Sonuç olarak rehavete kapılmadan yola devam diyebilir miyiz?
CDS’ in geldiği seviye ortodoks para politikalarındaki ısrarın ve mali disiplinin bir ödülüdür. 2025, risklerin minimize edildiği bir yıldı. 2026 ise bu düşük risk primini, yatırıma ve büyümeye dönüştürme yılı olmalıdır. Ancak unutulmamalıdır ki; 213 baz puan hala gelişmiş ülkeler seviyesinde değildir. EM Ortalaması olan 126 seviyesini yakalamak, enflasyonla mücadelenin tavizsiz devam etmesine bağlı. Rüzgâr arkamızda, rota doğru; şimdi yelkenleri daha da şişirme zamanı.
2025 yılında, bir yanda %50’lerden %31’e gerileyen bir enflasyon, diğer yanda yılın ikinci yarısında %38’e kadar basamaklı düşüş gösteren bir faiz oranı gördük. Özellikle yılın ilk çeyreğinde bankacılık endeksinde yaşanan sert düşüşün ardından gelen bu muazzam V-dönüşünü nasıl okumalıyız? Para politikasındaki bu gevşeme döngüsü, 2026 yılında sanayi ve bankacılık hisseleri arasındaki makası nasıl etkileyecek; piyasa liderliği el mi değiştirecek?
2025 yılı, Borsa İstanbul için iki farklı yarının hikayesi oldu.
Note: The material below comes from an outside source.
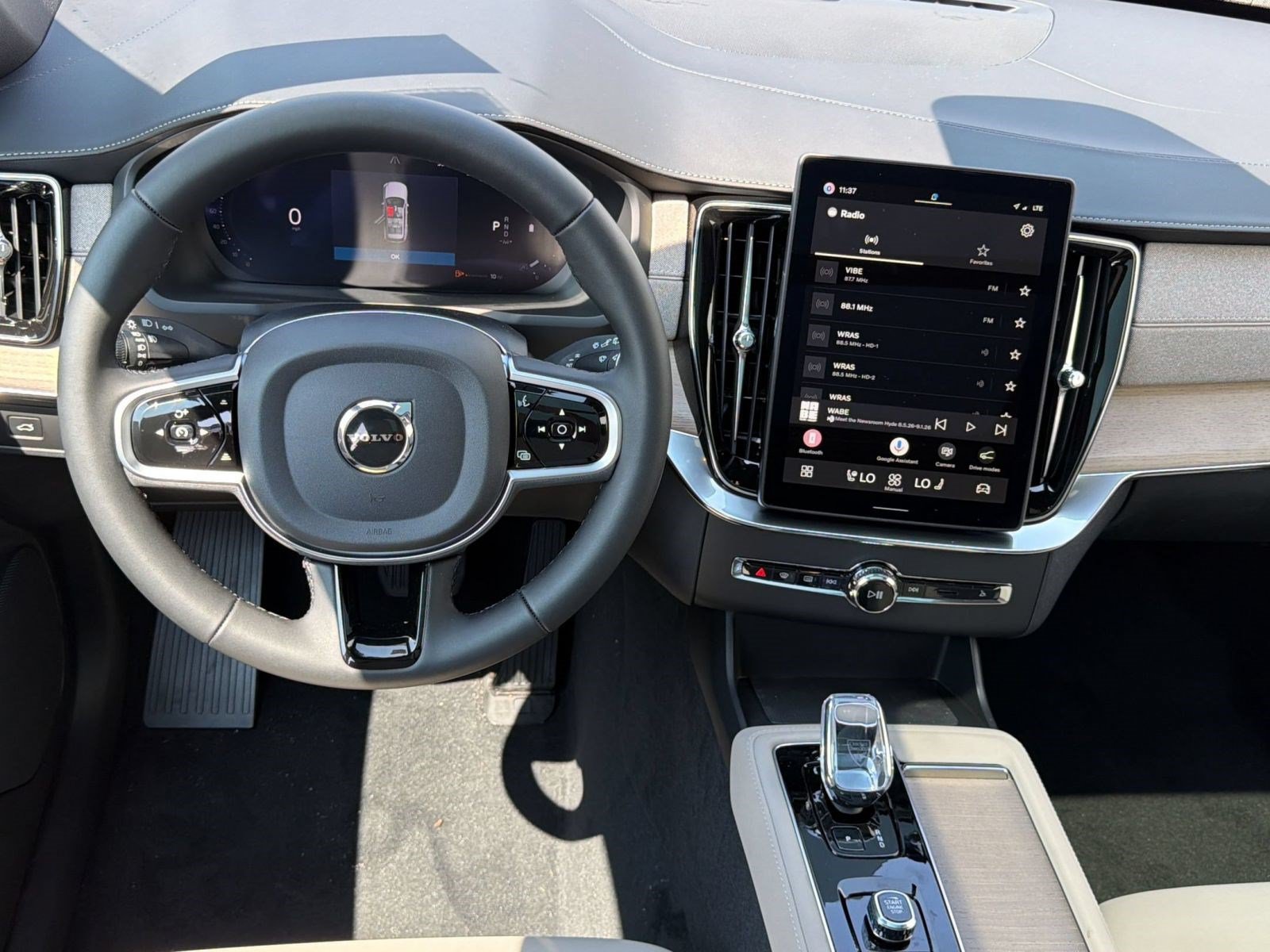 New 2026 Volvo XC90 B6 Plus w/ Protection Package AWD/4WD image 28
Yılın ilk yarısında sıkı para politikasının baskısını hisseden endeksler, yılın ikinci yarısında Merkez Bankası’nın faiz indirim döngüsüne girmesiyle bankacılık öncülüğünde hızlandı. Enflasyonun %31 seviyesine gerilemesi ve faizin %38’e çekilmesi, 2026 için reel getiri arayışındaki yatırımcıya hisse senedi piyasasını işaret ediyor.

Sabrın sonu selamet oldu
Ekonomi yönetiminin 2025 yılı boyunca uyguladığı sabır politikasının bir röntgeni niteliğinde grafikler gözlemliyoruz. Yıla yüksek faiz ve yüksek enflasyon sarmalında başlayan Türkiye piyasaları, yılı; enflasyonda ana trendi aşağı çekmiş, faiz indirimlerine başlamış ve tarihi zirvelerini test eden bir borsa ile kapatıyor.
Politika faizinin seyrine baktığımızda; yılın ortasına kadar yatay ve yüksek seyreden faizlerin, üçüncü çeyrekle birlikte basamaklı bir şekilde inerek yılı %38 seviyesinde kapattığını görüyoruz. İşte bu kırılma anı, piyasanın kaderini değiştiren temel katalizör oldu diyebiliriz.
Bankacılık ve Sanayi Endeksi nasıl bir profil çizdi?
Verileri derinlemesine incelediğimizde, 2025 yılının dikkat çeken sektörünün hem makro konjonktür hem de sürekli diplerden dönen bankacılık sektörü olduğunu görüyoruz. Ancak bu zafer kolay kazanılmadı diyebiliriz.
Bankacılıkta V dönüşü ve sanayi direnci
Büyük Ayrışma (Mart- Mayıs 2025): Yılın ilk çeyreğinde bankacılık endeksinde sert düşüş yaşadık. Sıkı para politikasının, kredi büyümesini durdurması ve marjları daraltması bankaları baskıladı. Bist Banka bu dönemde endeksten negatif ayrışarak dibi gördü.
Faiz İndirimi Beklentisi ve Ralli (Haziran- Aralık 2025): Ne zaman ki enflasyondaki düşüş kalıcı hale geldi (%50'lerden %31.07'ye) ve Merkez Bankası faiz indirim döngüsünü başlattı ve devam etti verdi, bankacılık hisseleri hızlıca yukarı yönde fiyatlanmaya başladı.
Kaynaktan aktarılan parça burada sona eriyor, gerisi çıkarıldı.